Tercih deyip geçmeyin. Bayan B.’nin değil de Bayan A.’nın peşinden gitseydi Yusuf Atılgan’ın Aylak Adam’ı, aradığı gerçek aşkı bulabilirdi belki. Ama o aramayı seviyor diyebilirsiniz. Bayan B.’nin peşinden gitseydi, belki Bayan C.’nin, Bayan D.’nin, Bayan E.’nin peşinden gitmediği için gerçek aşka ulaşamadığını düşünecekti. Aylak Adam’ın ne istediğini bilmediğini düşünebilirsiniz. Ama o, ne istediğini gayet iyi biliyordu: “Ben, toplumdaki değerlerin ikiyüzlülüğünü, sahteliğini, gülünçlüğünü göreli beri, gülünç olmayan tek tutamağı arıyorum: Gerçek sevgiyi! Bir kadın.

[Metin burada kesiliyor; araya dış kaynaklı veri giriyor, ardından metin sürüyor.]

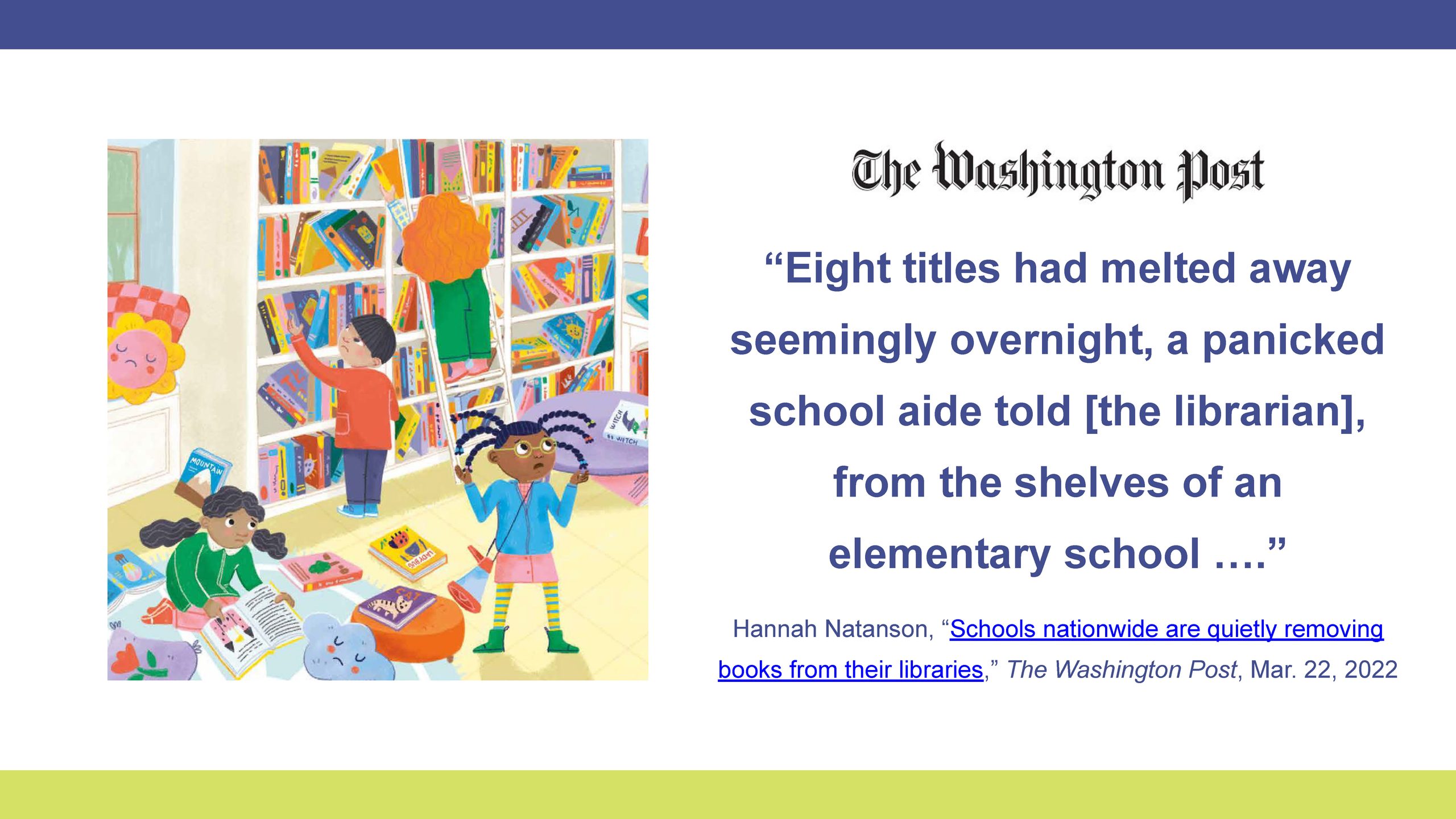 “Eight titles had melted away seemingly overnight . . . from the shelves of an elementary school.”
—Hannah Natanson, “Schools Nationwide Are Quietly Removing Books from Their Libraries,” The Washington Post, Mar. 22, 2022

Birbirimize yeteceğimizi, benimle birlik düşünen, duyan, seven bir kadın!”

Zor bir şey mi gerçek sevgiyi bulmak? Aşk romanlarına ve şarkılarına bakınca, oldukça zormuş gibi gözüküyor. Zorlaştıran en büyük etkense, farkında olalım ya da olmayalım yaptığımız tercihler. Siyasetçisinden reklamcısına herkes tercihlerimizi yönetmeye kalkışsa da, son kertede herkes kendisine dayatılsın ya da dayatılmasın kendi  tercihlerinin sonuçlarını yaşıyor. Mesela Başbakan, Kürt sorununun silahla çözülmeyeceğine dair bir tercihte bulunmuştu önceden. Ama o tercihin masaya konuluş şekli, sorunu daha da karmaşıklaştırmıştı. Sonra da eski tercihe, silaha yeniden dönüldü ve işler daha da karıştı, karardı ortalık. Başbakan, Aylak Adam gibi, ne aradığını bilen birisi değil maalesef. Tüm iktidar sahipleri gibi ele geçirdiği gücün kontrolüne girmiş gibi davranıyor. “Yüzüklerin Efendisi”ndeki o “iktidar” yüzüğünün Gollum’un iradesine nasıl boyun eğdirdiğini ve onu nasıl çirkin bir yaratığa dönüştürdüğünü anımsayın. Üstelik, Başbakan’ın tercileri, Aylak Adam’ınki gibi, küçük bir alanı da etkilemiyor.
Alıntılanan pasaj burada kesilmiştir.